Caption-style text data:
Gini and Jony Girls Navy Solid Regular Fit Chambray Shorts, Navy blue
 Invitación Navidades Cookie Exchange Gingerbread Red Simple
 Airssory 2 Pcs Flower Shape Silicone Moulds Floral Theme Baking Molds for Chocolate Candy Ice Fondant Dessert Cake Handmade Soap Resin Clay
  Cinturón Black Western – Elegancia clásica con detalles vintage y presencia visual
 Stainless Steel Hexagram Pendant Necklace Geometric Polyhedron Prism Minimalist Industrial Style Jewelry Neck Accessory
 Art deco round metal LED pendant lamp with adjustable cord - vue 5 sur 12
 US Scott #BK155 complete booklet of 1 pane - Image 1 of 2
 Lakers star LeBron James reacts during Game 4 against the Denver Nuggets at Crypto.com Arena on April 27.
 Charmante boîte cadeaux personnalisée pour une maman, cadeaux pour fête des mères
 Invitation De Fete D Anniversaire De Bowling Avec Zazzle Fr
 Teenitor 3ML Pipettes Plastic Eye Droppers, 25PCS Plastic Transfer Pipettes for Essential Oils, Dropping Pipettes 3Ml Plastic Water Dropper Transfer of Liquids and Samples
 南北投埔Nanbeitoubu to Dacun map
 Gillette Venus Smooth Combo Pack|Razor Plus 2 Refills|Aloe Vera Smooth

What this task involves:
The answer must consist of every entry, set down exactly as given.

Output for this task:
Gini and Jony Girls Navy Solid Regular Fit Chambray Shorts, Navy blue
 Invitación Navidades Cookie Exchange Gingerbread Red Simple
 Airssory 2 Pcs Flower Shape Silicone Moulds Floral Theme Baking Molds for Chocolate Candy Ice Fondant Dessert Cake Handmade Soap Resin Clay
  Cinturón Black Western – Elegancia clásica con detalles vintage y presencia visual
 Stainless Steel Hexagram Pendant Necklace Geometric Polyhedron Prism Minimalist Industrial Style Jewelry Neck Accessory
 Art deco round metal LED pendant lamp with adjustable cord - vue 5 sur 12
 US Scott #BK155 complete booklet of 1 pane - Image 1 of 2
 Lakers star LeBron James reacts during Game 4 against the Denver Nuggets at Crypto.com Arena on April 27.
 Charmante boîte cadeaux personnalisée pour une maman, cadeaux pour fête des mères
 Invitation De Fete D Anniversaire De Bowling Avec Zazzle Fr
 Teenitor 3ML Pipettes Plastic Eye Droppers, 25PCS Plastic Transfer Pipettes for Essential Oils, Dropping Pipettes 3Ml Plastic Water Dropper Transfer of Liquids and Samples
 南北投埔Nanbeitoubu to Dacun map
 Gillette Venus Smooth Combo Pack|Razor Plus 2 Refills|Aloe Vera Smooth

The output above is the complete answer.